Top of Source material

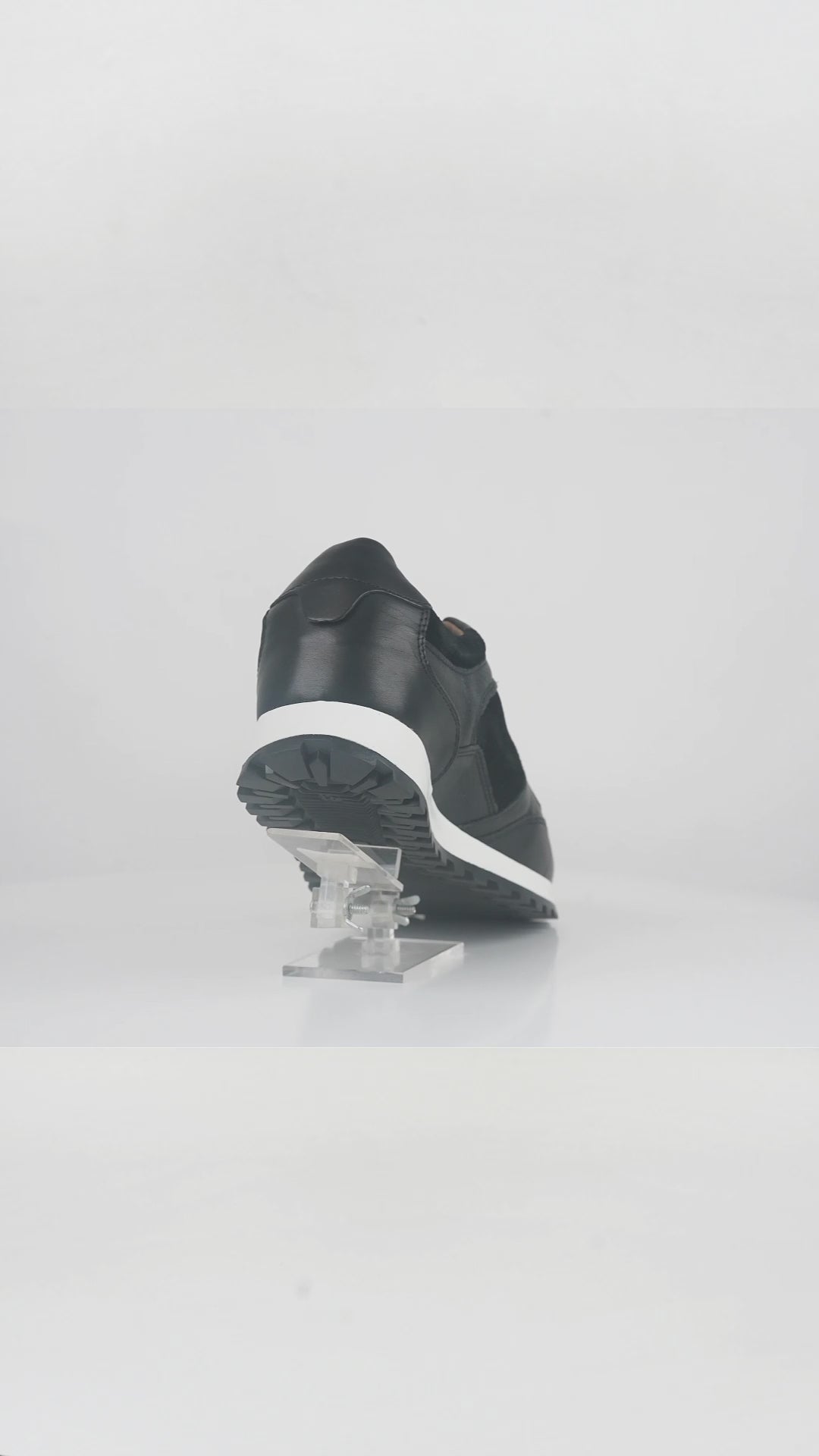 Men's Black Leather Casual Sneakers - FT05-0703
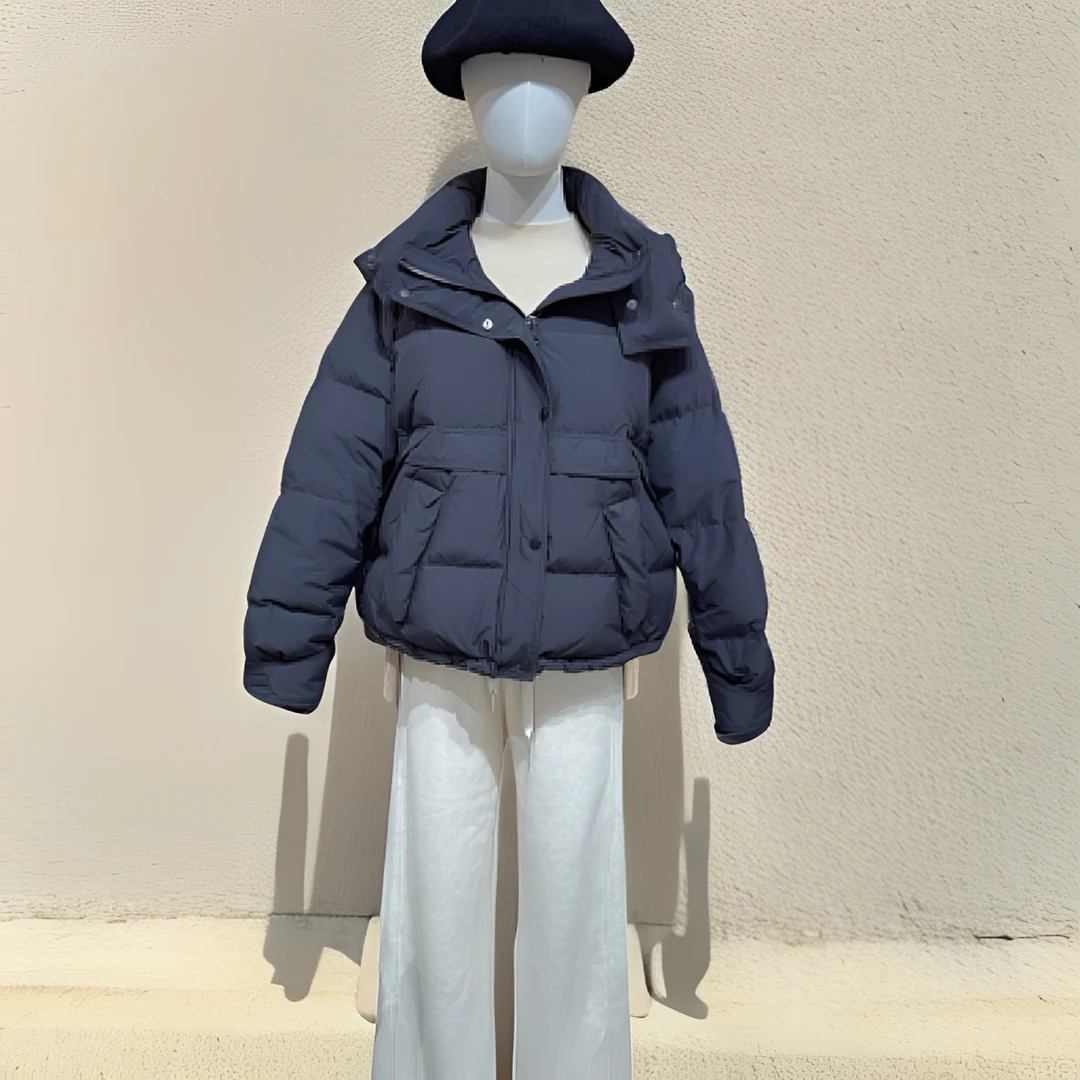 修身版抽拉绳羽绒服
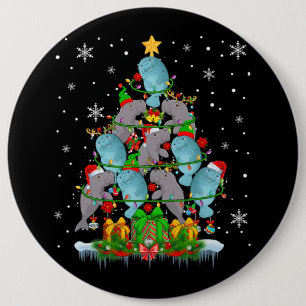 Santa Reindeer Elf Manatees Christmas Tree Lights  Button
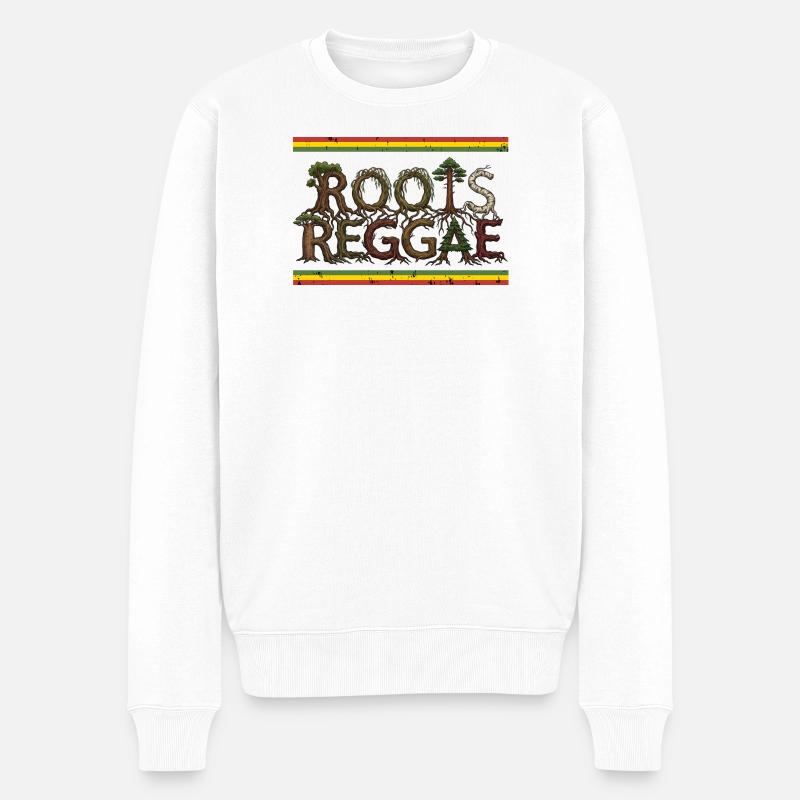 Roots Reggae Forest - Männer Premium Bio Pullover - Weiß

Bottom of Source material

**Problem details:** In the printed copy, the material above must appear unchanged and without its pictures.

**Exercise result:**
 Men's Black Leather Casual Sneakers - FT05-0703
 修身版抽拉绳羽绒服
 Santa Reindeer Elf Manatees Christmas Tree Lights  Button
 Roots Reggae Forest - Männer Premium Bio Pullover - Weiß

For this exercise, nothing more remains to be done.